● Problem requirements
Return the listing below verbatim. Pictures do not belong in the copy.

● Data section
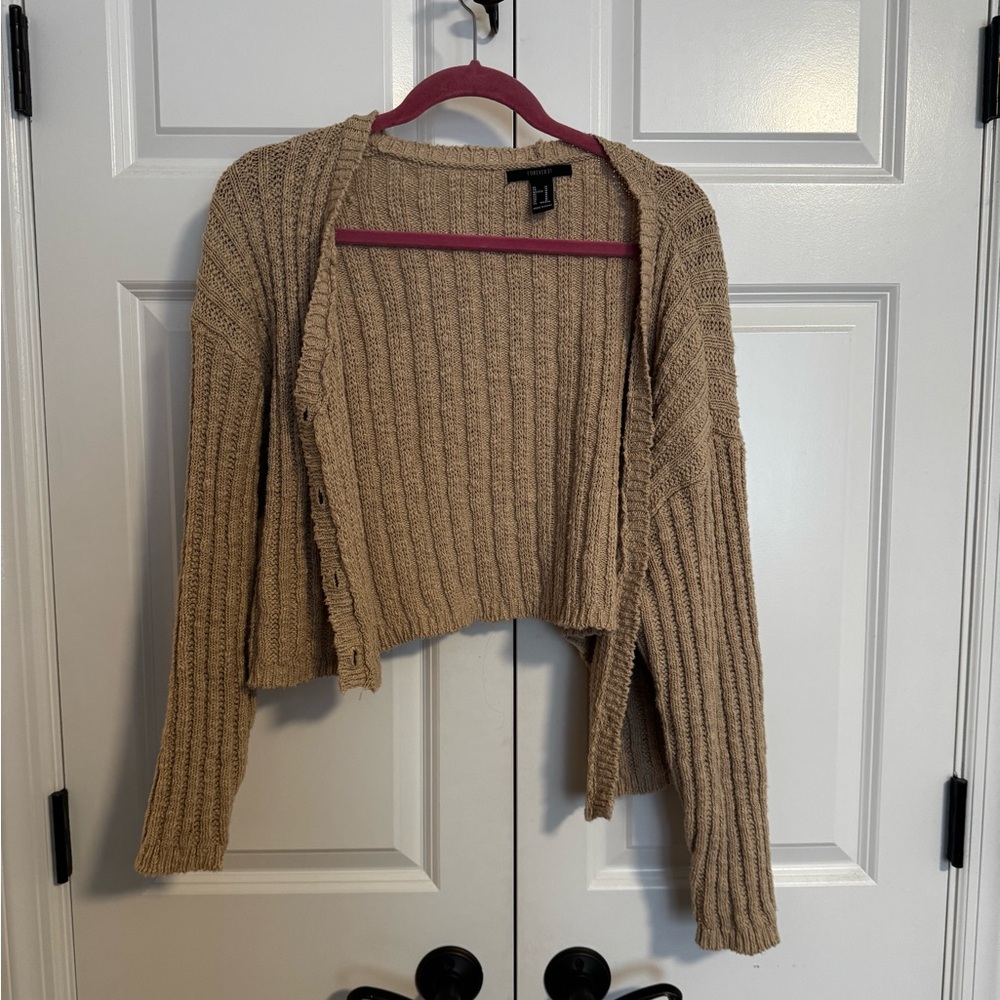 Forever 21 Beige Ribbed Cardigan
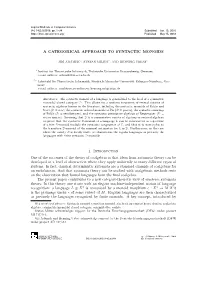 A Categorical Approach to Syntactic Monoids 11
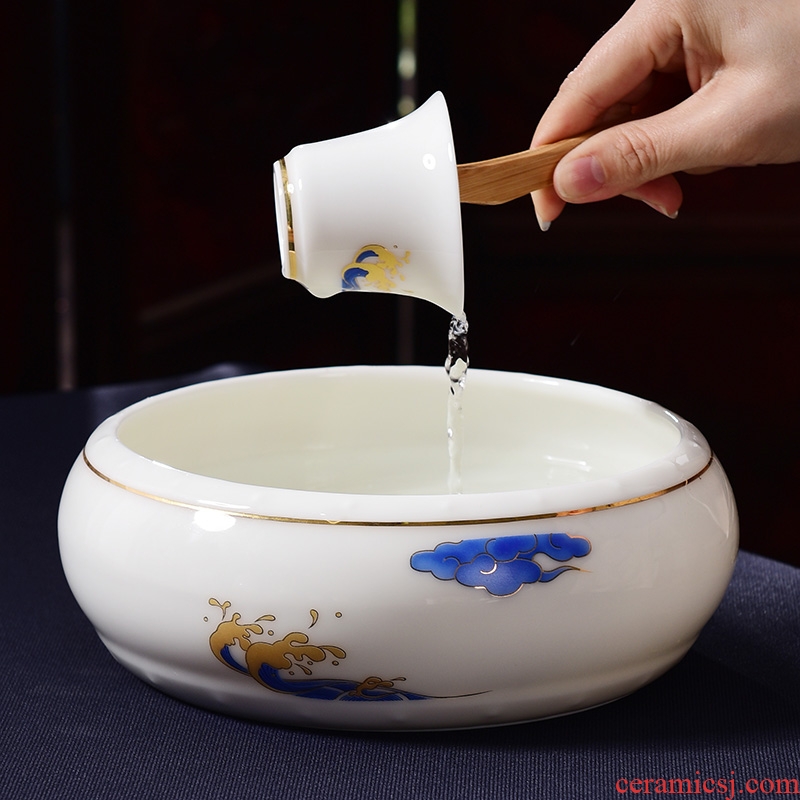 Laugh, dehua suet jade white porcelain tea wash to household kunfu tea creative teacups receive tea wash in hot pot cylinder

● Worked solution
 Forever 21 Beige Ribbed Cardigan
 A Categorical Approach to Syntactic Monoids 11
 Laugh, dehua suet jade white porcelain tea wash to household kunfu tea creative teacups receive tea wash in hot pot cylinder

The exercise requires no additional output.